Warren D. Johnson Jr. was sentenced June 23 to 97 months
imprisonment and ordered to pay more than $5 million
restitution after being convicted of bankruptcy fraud, bank
fraud, and money laundering. During a June 1998 bond hearing,
Johnson testified that he had no interest in stocks or other
assets in the Turks and Caicos Island, when he actually held
around $25 million worth of stock in a publicly traded
company. In addition, Johnson claimed he was indigent and
could not pay restitution despite the fact that the
controlled more than $10 million in assets placed in the
names of family members and off-shore shell corporations.
Johnson's bankruptcy convictions resulted from a 1992
bankruptcy case in which he claimed over $7.2 million in debt
and no assets, when he actually expected to receive at least
$1.2 million in real estate sale profits. Johnson laundered
approximately $250,000 of these profits by transferring the
funds to his wife and then using them for living expenses.

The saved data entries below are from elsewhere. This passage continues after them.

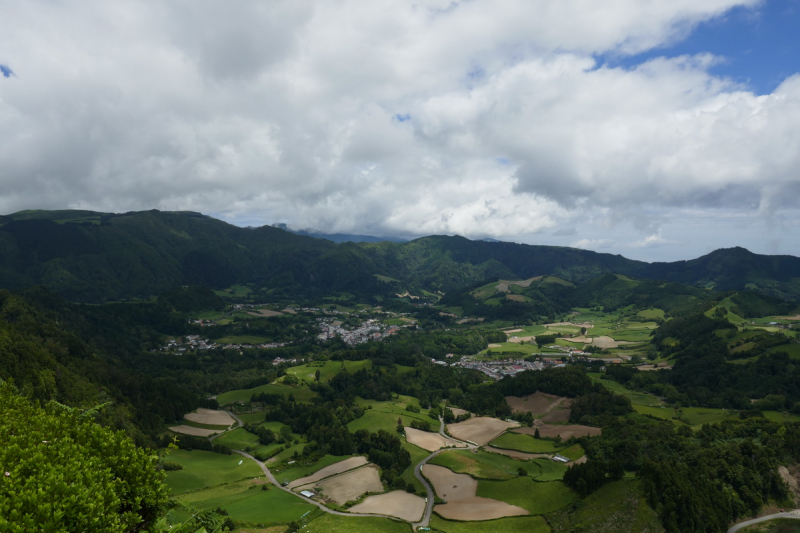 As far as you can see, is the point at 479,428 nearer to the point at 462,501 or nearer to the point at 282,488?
the point at 462,501

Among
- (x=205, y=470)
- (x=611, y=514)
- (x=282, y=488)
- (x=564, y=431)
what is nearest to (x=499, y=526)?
(x=611, y=514)

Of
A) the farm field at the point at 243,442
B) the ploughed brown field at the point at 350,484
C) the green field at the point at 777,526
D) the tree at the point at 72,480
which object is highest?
the tree at the point at 72,480

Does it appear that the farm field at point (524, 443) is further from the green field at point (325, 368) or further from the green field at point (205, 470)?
the green field at point (325, 368)

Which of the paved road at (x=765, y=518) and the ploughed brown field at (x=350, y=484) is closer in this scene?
the paved road at (x=765, y=518)

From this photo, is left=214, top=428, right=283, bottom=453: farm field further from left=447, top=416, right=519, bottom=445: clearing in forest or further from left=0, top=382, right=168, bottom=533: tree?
left=0, top=382, right=168, bottom=533: tree

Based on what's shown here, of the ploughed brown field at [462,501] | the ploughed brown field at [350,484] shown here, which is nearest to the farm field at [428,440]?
the ploughed brown field at [462,501]

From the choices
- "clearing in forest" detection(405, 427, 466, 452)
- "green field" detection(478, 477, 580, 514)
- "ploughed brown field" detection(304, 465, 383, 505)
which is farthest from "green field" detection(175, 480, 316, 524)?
"clearing in forest" detection(405, 427, 466, 452)
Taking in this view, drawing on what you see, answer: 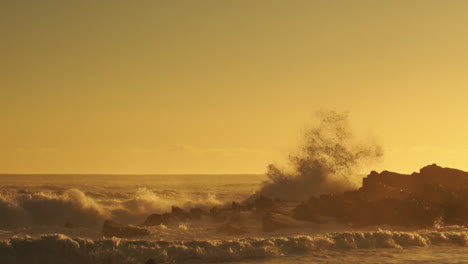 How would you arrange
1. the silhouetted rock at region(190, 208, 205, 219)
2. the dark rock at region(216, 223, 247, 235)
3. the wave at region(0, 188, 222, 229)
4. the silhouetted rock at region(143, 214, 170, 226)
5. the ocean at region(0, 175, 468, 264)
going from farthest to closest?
the wave at region(0, 188, 222, 229), the silhouetted rock at region(190, 208, 205, 219), the silhouetted rock at region(143, 214, 170, 226), the dark rock at region(216, 223, 247, 235), the ocean at region(0, 175, 468, 264)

The bank fraud conviction resulted from Johnson's filing
false financial statements to obtain a $600,000 loan that he
did not repay.
Georgia
The District Court for the Northern District of Georgia
entered judgment on December 13 against David Alvin Crossman
of Atlanta following his guilty plea to one count of filing a
false income tax return and one count of bankruptcy fraud.
Crossman set up a car leasing scheme under which he created
false financial statements and tax returns to lease cars as
if he were fleet leasing for a business, and then re-leased
the vehicles to individuals with poor credit. In his
individual and corporate Chapter 7 bankruptcy cases, he
failed to turn over lease payments to the bankruptcy
trustees.
Craig D. Butler pleaded guilty Sept. 17 to bankruptcy fraud
and income tax evasion. In October 1995, Butler filed a
bankruptcy petition in which he made false representations
and statements to evade payment of federal income taxes.
During the bankruptcy case, Butler, who formerly practiced
medicine in Albany, Ga., used funds of his professional
corporation to pay his personal expenses and those of his
family members, while designating the payments as business-
related expenditures.
Hawaii
On December 10 a federal jury in the District of Hawaii
found attorney Stacy Moniz of Kaneohe guilty of filing a
false income tax return, structuring cash transactions to
evade currency reporting requirements, failing to report the
receipt of $15,000 cash in the operation of his law office,
making false statements to the IRS, and making a false
statement under penalty of perjury in a bankruptcy
proceeding. The bankruptcy count arose from Moniz's falsely
reporting a client to be a creditor in his August 1997
bankruptcy case.
Arthur Kahahawai pleaded guilty Oct. 4 in the District of
Hawaii to two counts of bankruptcy fraud. Kahahawai concealed
from the bankruptcy trustee and his creditors a $71,517
workers' compensation settlement that he received less than
one month before filing for bankruptcy.
Miyoko Mizuno, a/k/a Miyoko Proctor, pleaded guilty in the
District of Hawaii Sept. 24 to concealment of assets in her
bankruptcy case. The debtor attempted to discharge
approximately $185,000 in unsecured debts by filing for
Chapter 7 bankruptcy. She listed no interests in real
property, when in fact she had deeded to her son a
condominium and her residence while retaining a life interest
in both properties, which could generate substantial rental
income.
Edward O'Kelley, former owner and president of HOJE
Construction, was sentenced April 23 in the District of
Hawaii to 33 months in prison for bankruptcy fraud
(concealment of assets and fraudulent transfer), and money
laundering. O'Kelley had been found guilty in a jury trial
for his role in putting HOJE Construction into Chapter 7
bankruptcy and hiding its assets in bank accounts in Alaska
and Texas. HOJE performed subcontracting work on military
projects in Hawaii and Alaska from 1992 through 1995.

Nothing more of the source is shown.